N’oublions pas que les ados d’aujourd’hui ont un passé d’enfant, avec une éducation et un contexte de vie qui les a beaucoup influencés, notamment au travers des médias ou des publicités. Un point que souligne très justement Damien Favresse, sociologue, dans une publication récente de Prospective Jeunesse. Il y explique que les conduites à risque favorisées par certains secteurs, notamment économiques, passent pour des moyens de s’affirmer, de se dépasser. Les fabricants de cigarettes et d’alcool utilisent ces comportements à risque dans un cadre valorisé (avec des images de sport, d’aventure, d’amusement, de séduction…) pour promouvoir la consommation de leurs produits, à travers les spots publicitaires ou leurs sponsors. Et que dire de cette vision positive de ceux qui “savent tenir l’alcool”… ? “Le risque peut donc lui-même se révéler enjeu de compétition avec comme possible conséquence que plus le risque est important et extrême, plus il est valorisable aux yeux des pairs”, note le sociologue. C’est là un vrai danger lorsqu’on ne trouve pas de source de valorisation dans d’autres dimensions de sa vie (scolaire, affective, etc.).

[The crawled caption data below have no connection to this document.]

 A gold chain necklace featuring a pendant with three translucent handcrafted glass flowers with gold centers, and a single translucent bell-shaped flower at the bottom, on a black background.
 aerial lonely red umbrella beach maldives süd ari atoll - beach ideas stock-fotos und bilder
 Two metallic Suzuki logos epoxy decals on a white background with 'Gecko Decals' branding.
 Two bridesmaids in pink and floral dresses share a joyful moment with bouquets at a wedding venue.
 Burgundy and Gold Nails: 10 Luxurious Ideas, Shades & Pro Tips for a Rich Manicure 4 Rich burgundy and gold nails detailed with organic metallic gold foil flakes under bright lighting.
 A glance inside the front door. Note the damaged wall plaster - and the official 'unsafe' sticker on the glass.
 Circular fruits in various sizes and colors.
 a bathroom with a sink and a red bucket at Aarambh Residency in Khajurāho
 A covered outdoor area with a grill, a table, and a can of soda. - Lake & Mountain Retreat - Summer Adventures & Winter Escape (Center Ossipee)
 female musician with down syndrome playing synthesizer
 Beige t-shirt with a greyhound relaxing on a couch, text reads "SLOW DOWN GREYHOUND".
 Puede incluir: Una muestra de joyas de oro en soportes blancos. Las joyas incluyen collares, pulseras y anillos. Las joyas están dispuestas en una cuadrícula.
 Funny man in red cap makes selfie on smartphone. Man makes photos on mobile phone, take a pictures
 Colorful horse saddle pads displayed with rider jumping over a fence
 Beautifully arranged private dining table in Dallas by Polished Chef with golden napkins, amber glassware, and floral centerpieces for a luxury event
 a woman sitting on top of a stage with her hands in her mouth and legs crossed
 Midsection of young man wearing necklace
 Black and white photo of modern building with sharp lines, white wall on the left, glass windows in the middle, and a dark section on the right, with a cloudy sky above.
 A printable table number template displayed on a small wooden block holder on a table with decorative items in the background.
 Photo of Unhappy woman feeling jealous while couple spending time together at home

Damien Favresse pointe également notre participation, même passive, dans l’imprégnation de ces valeurs : “Ce formatage, nous en sommes tous responsables à des degrés divers même si nous n’en avons pas toujours conscience. Comme le signale le site d’Infor-drogues, une campagne comme ‘pas de fêtes, sans Bob’, si elle vise à prévenir l’insécurité routière, avalise également l’idée qu’il n’y a pas de fête sans alcool”.

 

Prévention inutile?

Sachant tout cela, doit-on conclure que les campagnes de prévention telles qu’elles sont présentées aux jeunes sont inefficaces? En effet, s’ils ont moins peur des risques, des images choc n’auront que peu d’impact. Et s’ils sont de toute manière plus attirés par la récompense, voire la reconnaissance sociale, les arguments sécurité ou santé ne pèseront pas lourd… “On peut imaginer d’organiser ces campagnes à l’intention des publics plus jeunes, qui sont plus à même d’entendre et de recevoir des messages mettant en avant les risques”, conclut Salvatore Campanella. En attendant, notre rôle d’éducateur reste le meilleur rempart, en tenant bon face aux exigences de satisfaction immédiate des enfants et des ados, et en montrant notre disponibilité à les écouter. Car ces “risques”, les ados et les jeunes doivent les vivre pour se construire. Au nom d’une revendication grandissante de “risque zéro”, il ne faudrait pas ôter à cet âge un fabuleux appétit de vivre de nouvelles expériences, de la plus petite à la plus grande, et qui fait justement de nous tous des êtres… intéressants.

//Carine Maillard

L’apanage des ados ?

Ann d’Alcantara, psychiatre au Centre thérapeutique pour adolescents aux Cliniques Saint-Luc à Bruxelles, le répète : le risque n’est pas inhérent à l’adolescence seule ! “Tout au long de leur vie, les sujets humains ‘se risquent’ au point que la ‘prise de risque’, tant qu’elle a des limites, est une preuve de bonne santé psychique. Ce n’est donc pas tant la prise de risque qui rend l’adolescence vulnérable et est dès lors dangereuse, mais l’absence de limites et l’investissement pulsionnel dans l’immédiateté du temps présent. Nous vivons dans un monde dangereux qui manie le concept de ‘risque zéro’. Tout danger anticipé est un danger évitable et donc un risque inutile, pense-t-on !“ Elle insiste : il ne faudrait pas opposer ce besoin de prendre des risques (donc de vivre de nouvelles expériences) à un autre besoin fondamental, à savoir celui de se sentir en sécurité, car tous deux sont vitaux pour les êtres humains.